[Opening Listed records section]
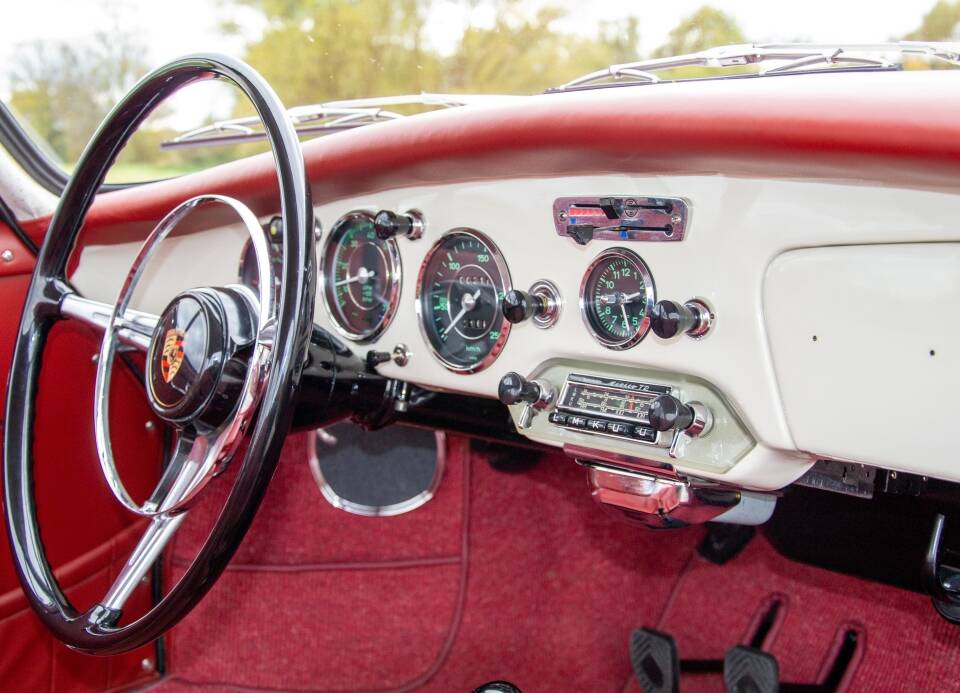 Image 18/39 de Porsche 356 B Carrera 2/2000 GS (1963)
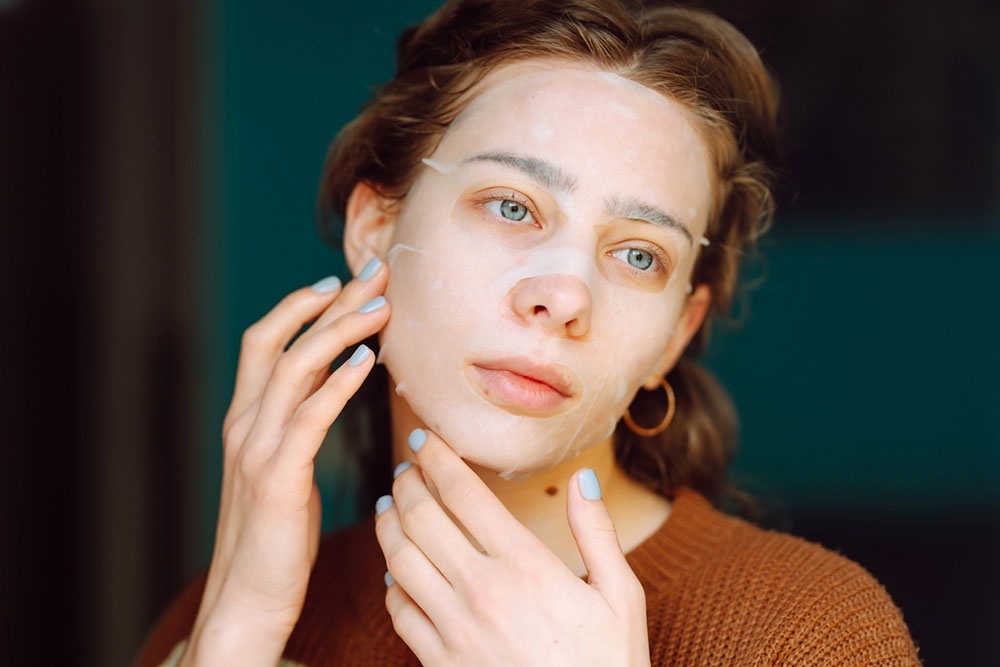     Теплый душ с утра и косметическая маска для лица - отличный способ начать последний день в году. / Фото: iStock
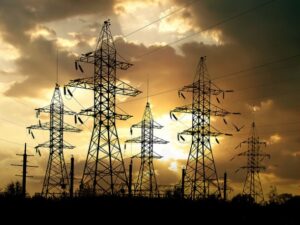 Hay que triplicar las energías renovables impulsadas por empresas eléctricas y servicios públicos
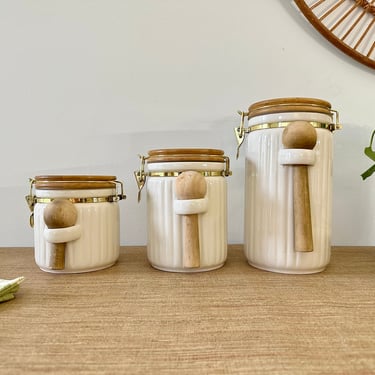 Vintage Preferred Stock Ribbed Ceramic Canister Set with Wood Spoons - Cream with Gold Accents 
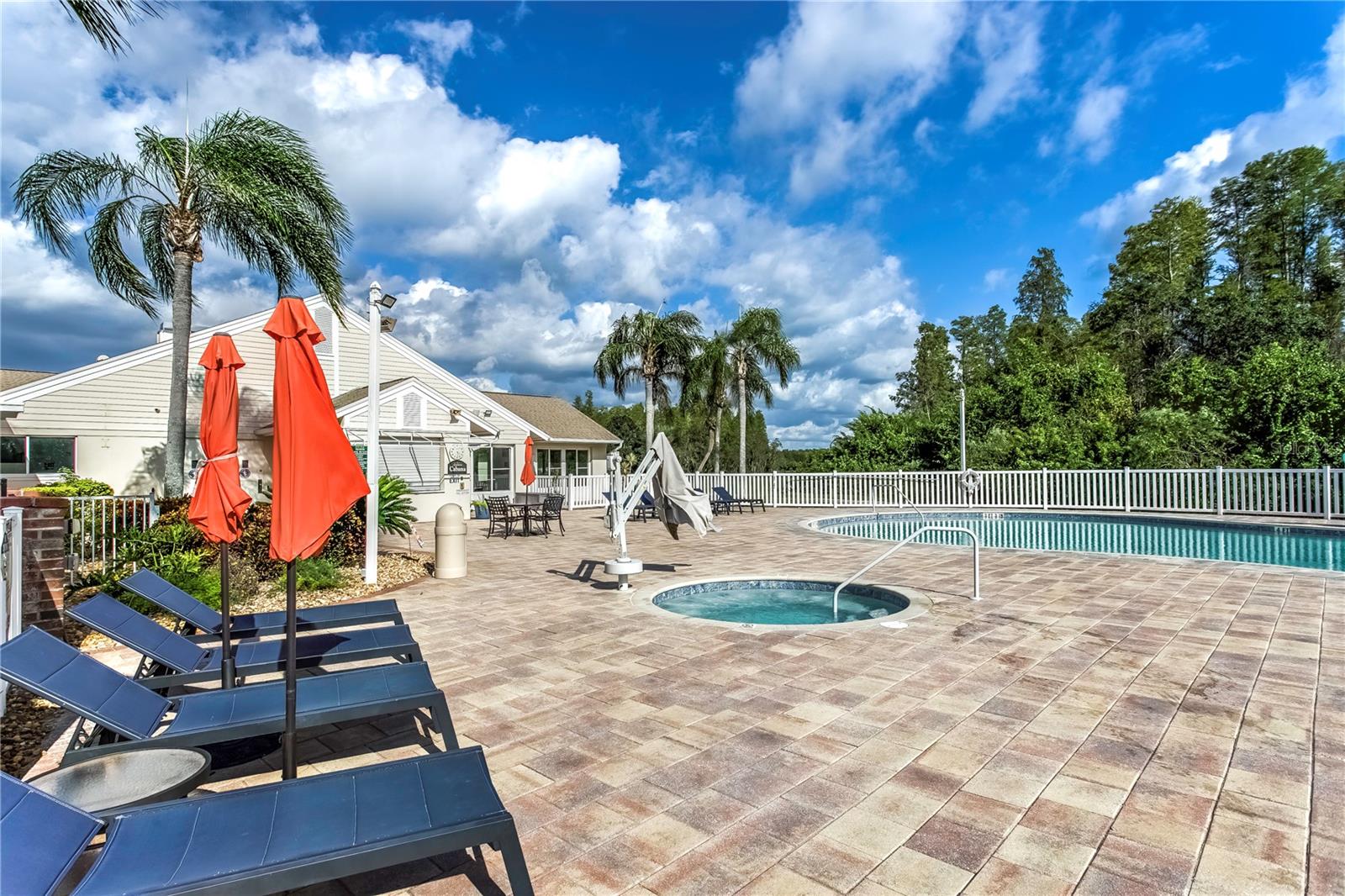 7235 CLEOPATRA DR — photo 24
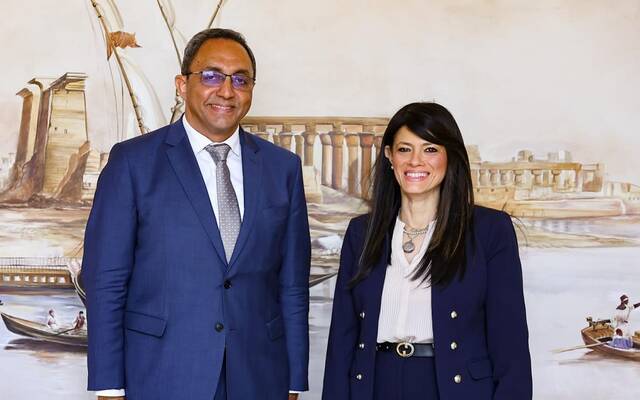 رانيا المشاط وزيرة التخطيط والتنمية الاقتصادية والتعاون الدولي وخالد عبد الحليم محافظ قنا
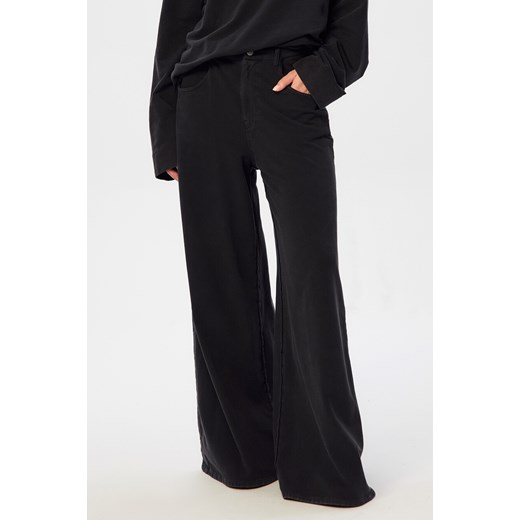 SPODNIE DAMSKIE WASHED BLACK ze sklepu Jemiol w kategorii Spodnie damskie - zdjęcie 186539074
[Closing Listed records section]
=== What you have to do ===
From the line that holds "Vintage Preferred Stock" to the last line of the data, return those lines exactly and nothing else; both ends count, and pictures stay out.

=== Response below ===
 Vintage Preferred Stock Ribbed Ceramic Canister Set with Wood Spoons - Cream with Gold Accents 
 7235 CLEOPATRA DR — photo 24
 رانيا المشاط وزيرة التخطيط والتنمية الاقتصادية والتعاون الدولي وخالد عبد الحليم محافظ قنا
 SPODNIE DAMSKIE WASHED BLACK ze sklepu Jemiol w kategorii Spodnie damskie - zdjęcie 186539074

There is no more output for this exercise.